BEGIN

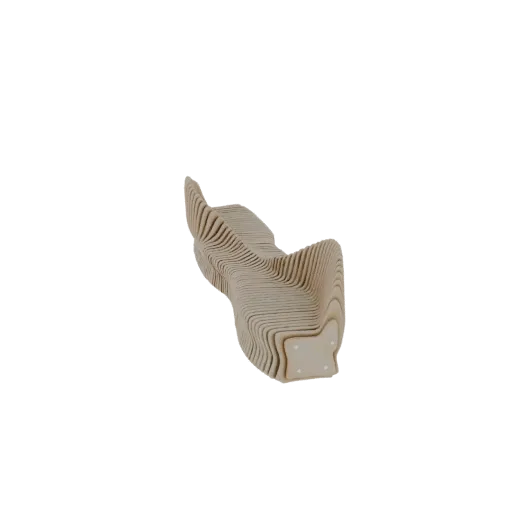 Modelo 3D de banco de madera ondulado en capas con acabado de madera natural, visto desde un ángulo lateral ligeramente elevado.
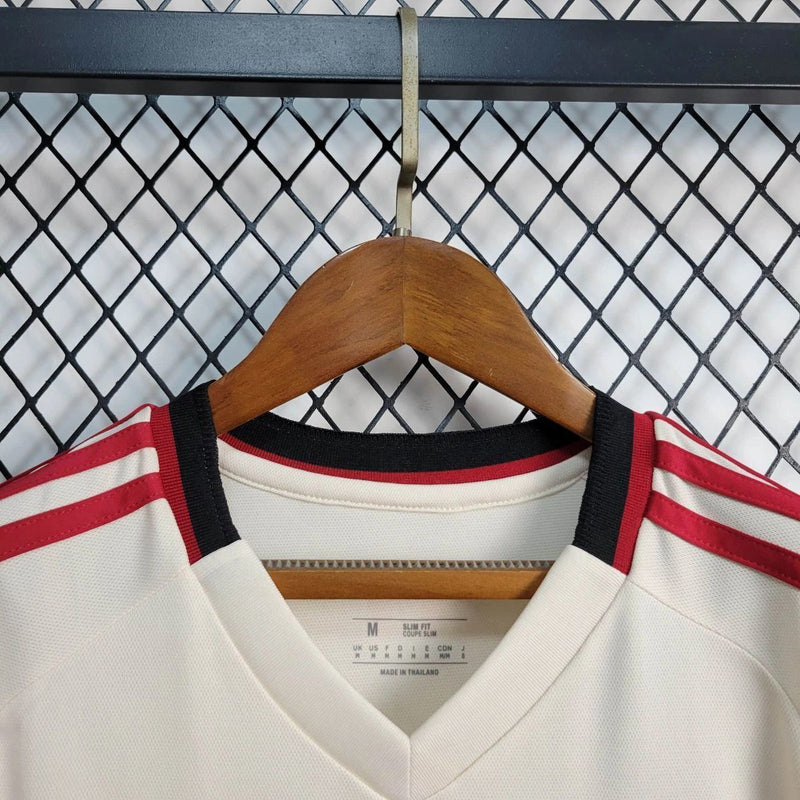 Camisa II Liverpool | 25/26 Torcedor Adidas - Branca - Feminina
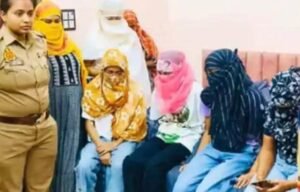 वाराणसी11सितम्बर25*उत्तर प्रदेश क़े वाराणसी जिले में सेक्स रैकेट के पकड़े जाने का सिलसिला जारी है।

END

■ **EXERCISE BRIEF**
The required output is every line of the data above, set down exactly and stripped of pictures.

■ **THE ANSWER**
 Modelo 3D de banco de madera ondulado en capas con acabado de madera natural, visto desde un ángulo lateral ligeramente elevado.
 Camisa II Liverpool | 25/26 Torcedor Adidas - Branca - Feminina
 वाराणसी11सितम्बर25*उत्तर प्रदेश क़े वाराणसी जिले में सेक्स रैकेट के पकड़े जाने का सिलसिला जारी है।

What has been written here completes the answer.